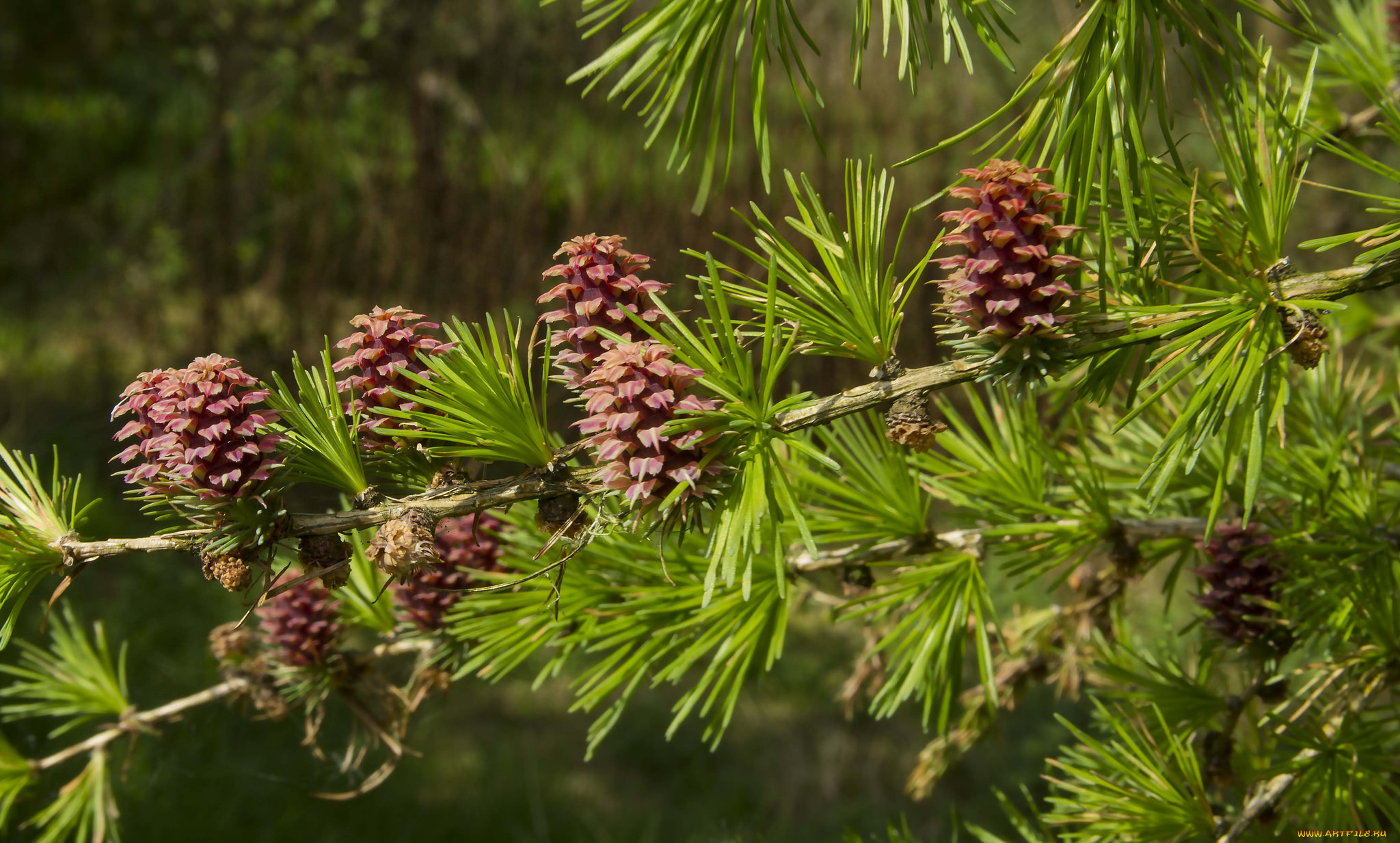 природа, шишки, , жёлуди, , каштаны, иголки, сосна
━━━━
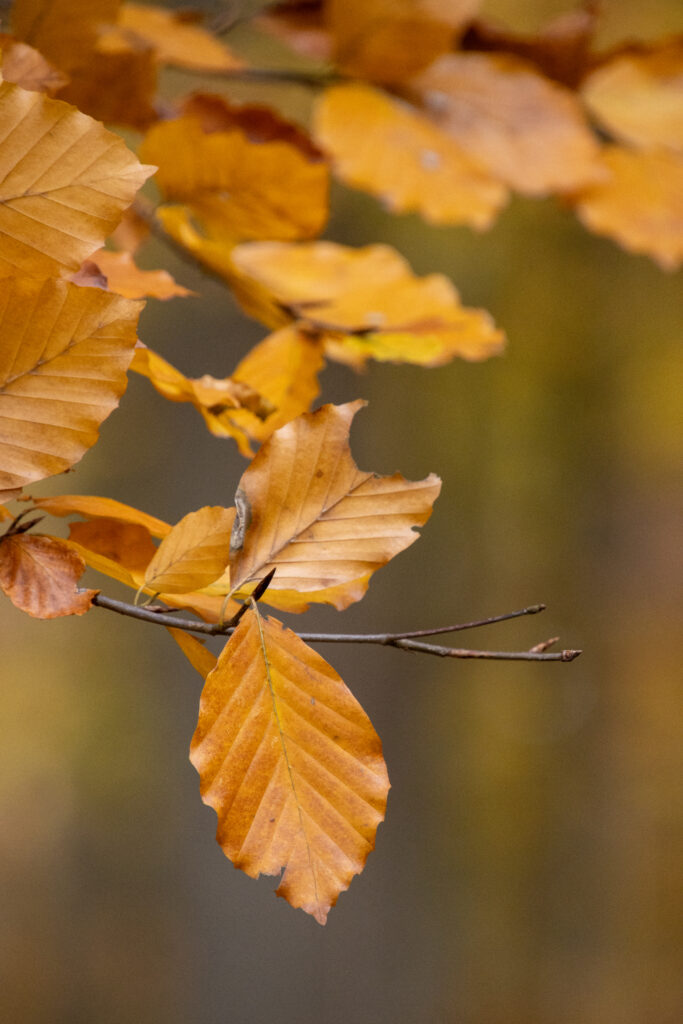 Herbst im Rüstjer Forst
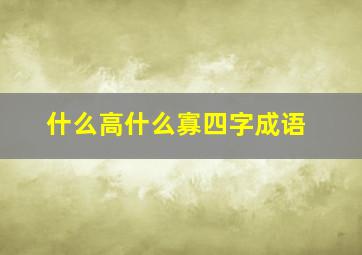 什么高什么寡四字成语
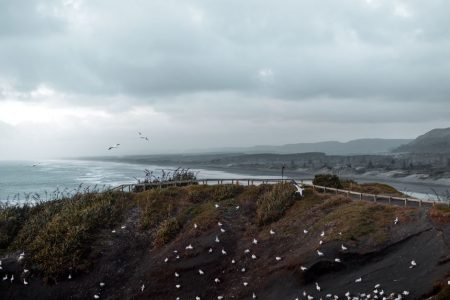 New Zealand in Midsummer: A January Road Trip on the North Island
━━━━
__Task prompt__. The copy should hold only the lines from the one with "Herbst im Rüstjer Forst" through the one with "New Zealand in", exactly as they stand above. Leave out the pictures.

__Answer space__.
 Herbst im Rüstjer Forst
 什么高什么寡四字成语
 New Zealand in Midsummer: A January Road Trip on the North Island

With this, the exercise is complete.